Question

Solve sin(x)(sinx + 1)=0.

Answer 1

zero product property says that \(\sin x=0 \) or \(\sin x=-1 \) ....

Answer 2

Where are you confused on what to do first?

Answer 3

I'm not really sure... I don't know what to do first

Answer 4

The advice that @mukushla provided is exactly how to go about doing this problem. Do you understand what he said?

Answer 5

Yes, I understand the zero product property. So to solve that, what would I do? Would I have to do sin^-1(0) and sin^-1(-1) to find x?

Answer 6

Oh no. So the first solution we have is
\[\huge \sin(x)=0\]
To solve for x we take the arcsin of both sides. Have you learned that yet?

Answer 7

Yeah I learned it, but I don't really understand it

Answer 8

s\[sinx=0 \implies x=\pm n \Pi \] where n is any integer

Answer 9

If not, we should know for what x makes sin equal to zero. Hint: consult the unit circle. :D

Answer 10

@MathFreak106 https://docs.google.com/open?id=0B98cXMBCs13BZThlZDAyMGUtZGIxMi00NjVhLWFjODktMGU4NjQ0ZDQzMWU5

This is a nice formula sheet i made a couple years ago.

Answer 11

\[sinx=-1 \implies x=3\pi/2.....\]

Answer 12

Lets look at arcsin for a moment.
if sin(x)=y THEN, arcsin(y)=x Where x and y aren't coords but any number or function.

Answer 13

Ok so arcsin(0)=x

Answer 14

RIGHT! and the arcsin of a function will find you an angle. Do you see why?

Answer 15

Kind of. How do you solve arcsin?

Answer 16

Do you have a unit circle around you?

Answer 17

Yep, from your worksheet :)

Answer 18

great!
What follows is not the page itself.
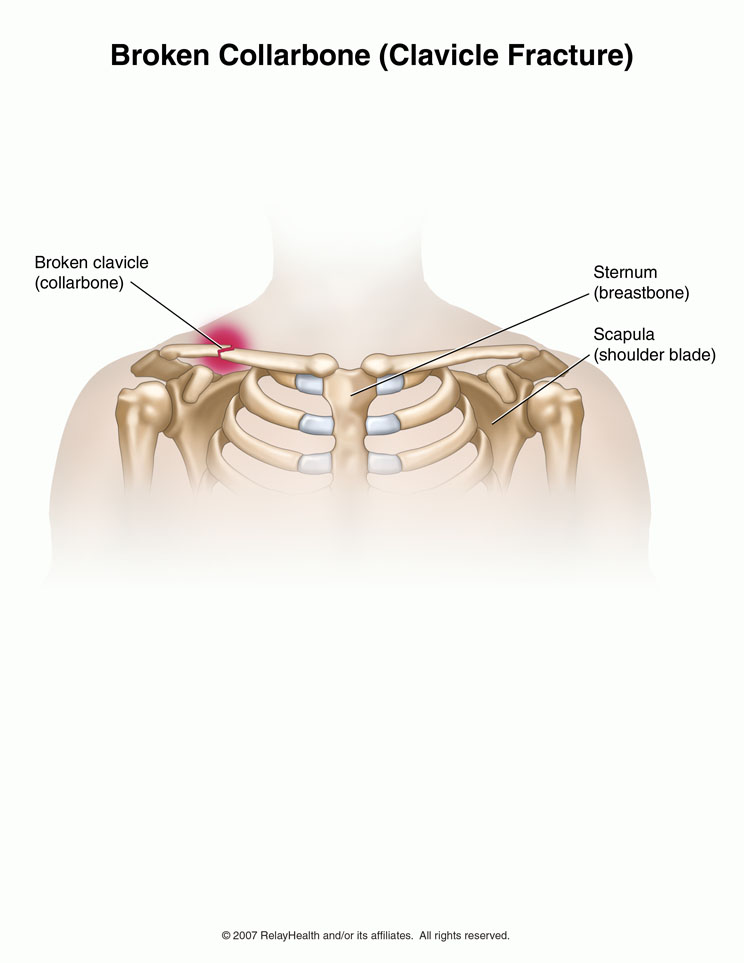 Broken Collarbone: Illustration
Lets look at this example
\[\huge \sin(x) = {1 \over 2}\]
Can you find the two angles where that happens?

Answer 19

Maybe it's better if i write it like:
\[\huge \sin(\theta)= {1 \over 2}\]

Answer 20

Umm 5pi/6?

Answer 21

Ya, thats one of them. There's one more.

Answer 22

I don't know what the other one is

Answer 23

check out \[\pi \over 6\]

Answer 24

Remember Theta can be in radians or degrees too. So looking at the unit circle again it could be 30 degrees or 150 degrees.

So if sin(x)=0 that means it could be pi or 0, OR 180 degrees or 0 degrees.

But if you look at the other side of my sheet you will see that arcsin has a range from
\[\huge [-\pi/2, \pi/2]\] which means that it can ONLY be ONE of the choices we have.